I doubt Jamie considers himself an environmentalist, but he does more to foster natural culture than many college folk who could tell you how many parts per million of carbon is currently in the air. He gardens, cans, hunts, fishes, raises and butchers his own meat. He farms organically and built his own house. If he were to write a book, I’m not sure how he’d articulate his values. Maybe he’d call it “Deep Ecology and the Second Amendment” or maybe “The Eco-Hick’s Guide to Guns and Self-Reliance.” Whatever the philosophies and values swirling around in him, his knowledge of the land, the local animal communities, tree identification, family-scale food production and the practical skills that enable him to care for many of his own needs and the needs of his family and neighbors are what urban runaways like myself strive for.
Of course, on the political map, and in the minds of many liberal urban professionals, Jamie is something else. He is one of the nameless, blood-thirsty creatures prowling in a sea of red, enclosing the blue urban centers with rural carnage. He is the cancer of the body politic, the virus leading to fascism, the racist, gun-toting, people-hating, oil-loving savage threatening the cosmopolitan, enlightened, sustainable, diverse, evidence-based civilization. He is the monster under the beds of the corporate professionals, the scary Trump-voter who—in liberal fantasies—wakes up in the morning roaring racial slurs, who would never wear a pussy hat on his head but disgustingly might use the word in a demeaning way.

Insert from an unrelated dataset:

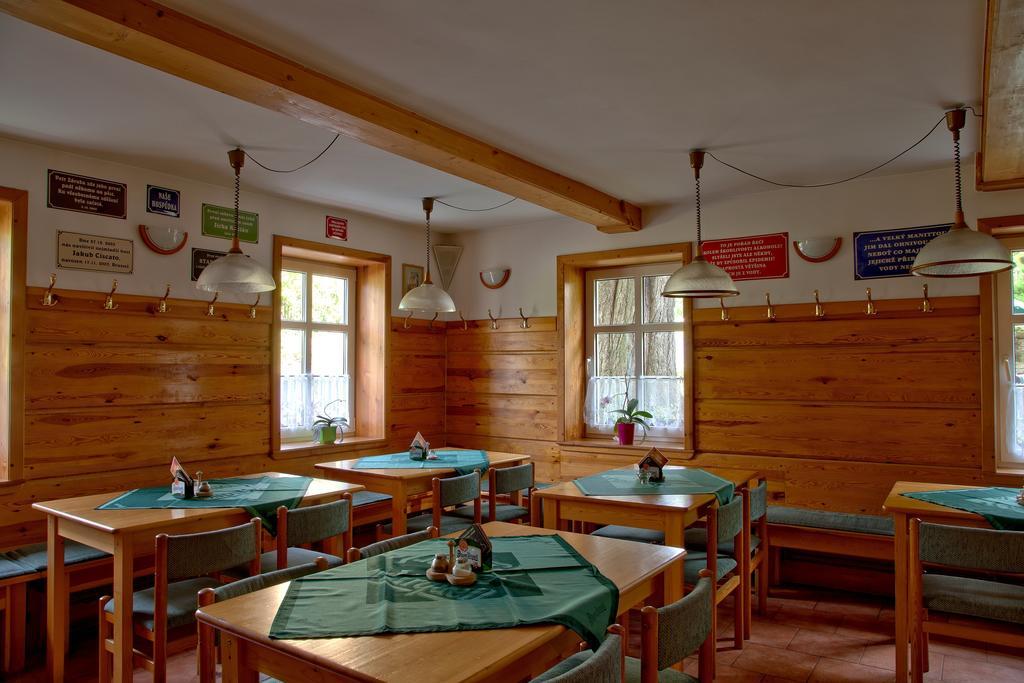 Hotel U Zeleneho Stromu - Zum Gruenen Baum ฮเรนสโก ภายนอก รูปภาพ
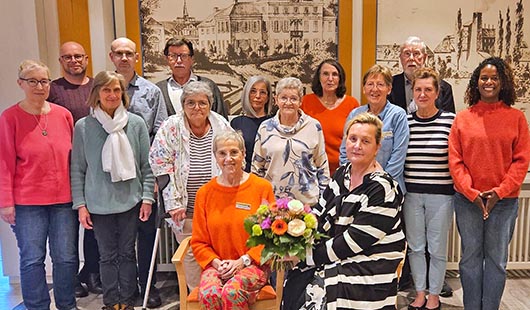 Mathilde Horsthemke, Koordinatorin Gesellschaft leben - Vera Höger, Koordinatorin Quartiersbüro Mitte/Styrum; hinten: Ehrenamtliche Mitarbeitende von Gesellschaft leben. Foto: Gesellschaft leben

In short, Jamie is not Jamie at all, but the fantasy alt-villain of the Left: the Right.
Please forgive this descent into the toxic waters of politics. My point is not to get lost in conventional debate here. But seeking to heal from the culture war, I want to uncover the bodies of my neighbors, which industrial stories kick in the face, deform, and then at election time bury beneath the red-blue map. Aligned with my neighbors, I want to stand in a place off that map, outside those stories. From the world of actual bodies, I want to embody a story outside the industrial story machine.
Industrial storytellers orchestrate a fake split between left and right, and this manufactured split foments hatred between neighbors.
For instance, my wife once overheard some members of the local Democratic Party chapter discussing how to approach political opponents. When you find yourself starting to agree, they said, you should immediately examine your thought process and question why you are agreeing. Such a posture is disturbing. It assumes our political opponents are so deranged that agreeing with them likely signals our own slipping toward derangement. It’s pathological, human-hating advice, stunning in its own deranged logic. It’s the same ideology that causes one to see a political sign in a yard and feel an immediate, pre-cognitive repulsion.
I write as one whose political roots are Left, and I am harder on the institutions that have blinded me than I am on the institutions that blind those identifying as Right. Clearly, though, industrial hate infects both ends of the political spectrum. The problem is not that your neighbor votes for Biden or Trump. The problem is that so many still think they have more in common with a presidential candidate than they do with their neighbor who voted the opposite way. The problem is that a yard sign with nothing but a name on it can trigger hate.
If we watch conventional, industrial news or continue to find meaning in conventional, industrial stories, then our hatred gets amplified over and over and over. Ukraine. Covid. Guns. Abortion. Joe Rogan. Kyle Rittenhouse. January 6. Black Lives Matter. Proud Boys. Russiagate. China. Each of these stories, as told on industrial story machines, has two sides with a line of hate in the middle. That line of hate is a basic pattern of machine stories. Industrial storytellers, like sorcerers of hate, cloak their voices with authoritative, serious-sounding objectivity, as if they are just reporting the facts. But if we imbibe their version of facts, we learn little about reality. Instead, we just get drunk on hate. The telling has clear intent. It’s hate information.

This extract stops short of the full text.